──────── Exercise data
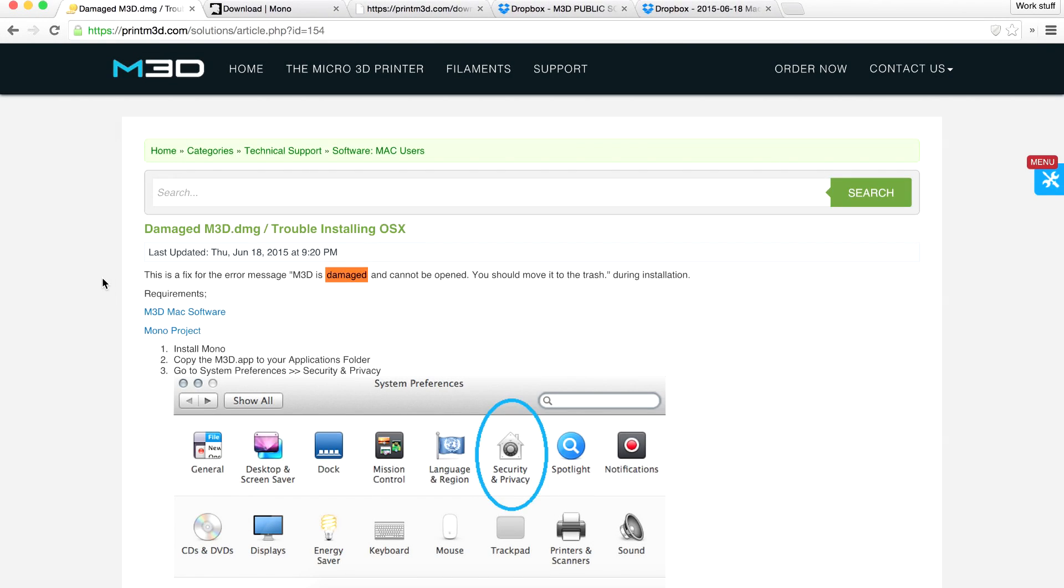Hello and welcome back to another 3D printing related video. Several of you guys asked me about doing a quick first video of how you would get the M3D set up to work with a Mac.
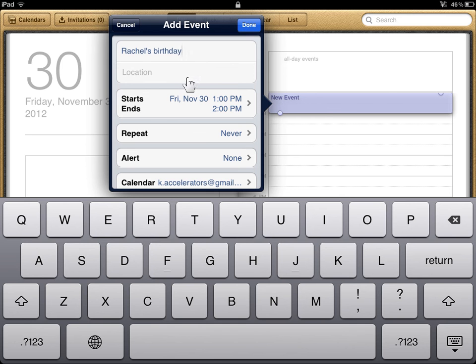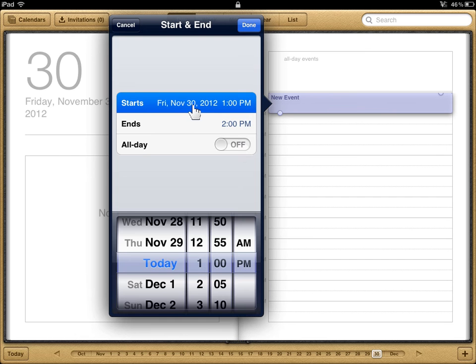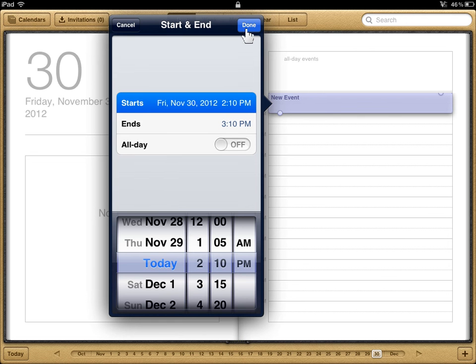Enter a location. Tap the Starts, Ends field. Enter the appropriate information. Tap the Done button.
────────────────
──────── Exercise data
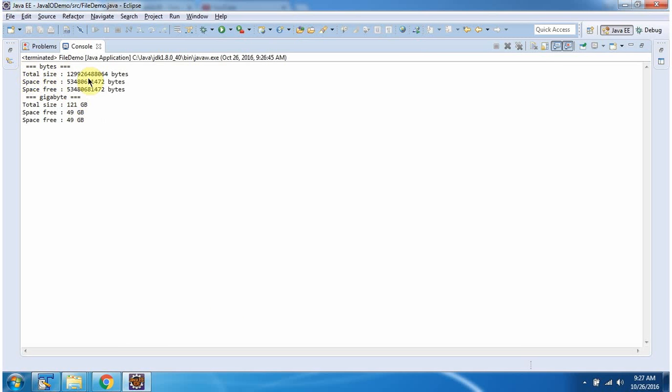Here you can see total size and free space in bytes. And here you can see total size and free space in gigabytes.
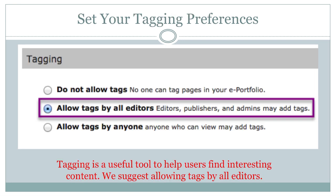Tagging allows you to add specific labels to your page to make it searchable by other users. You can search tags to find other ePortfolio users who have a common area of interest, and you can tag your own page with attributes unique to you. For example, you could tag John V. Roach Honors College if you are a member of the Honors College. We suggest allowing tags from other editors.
────────────────
# [What to work on]
Your answer should be the exact lines above from the one containing "Here you can see total size and free space in bytes." through the one containing "Tagging allows you", with both end lines kept and the pictures removed, please.

# [Task solution]
Here you can see total size and free space in bytes. And here you can see total size and free space in gigabytes.
Tagging allows you to add specific labels to your page to make it searchable by other users. You can search tags to find other ePortfolio users who have a common area of interest, and you can tag your own page with attributes unique to you. For example, you could tag John V. Roach Honors College if you are a member of the Honors College. We suggest allowing tags from other editors.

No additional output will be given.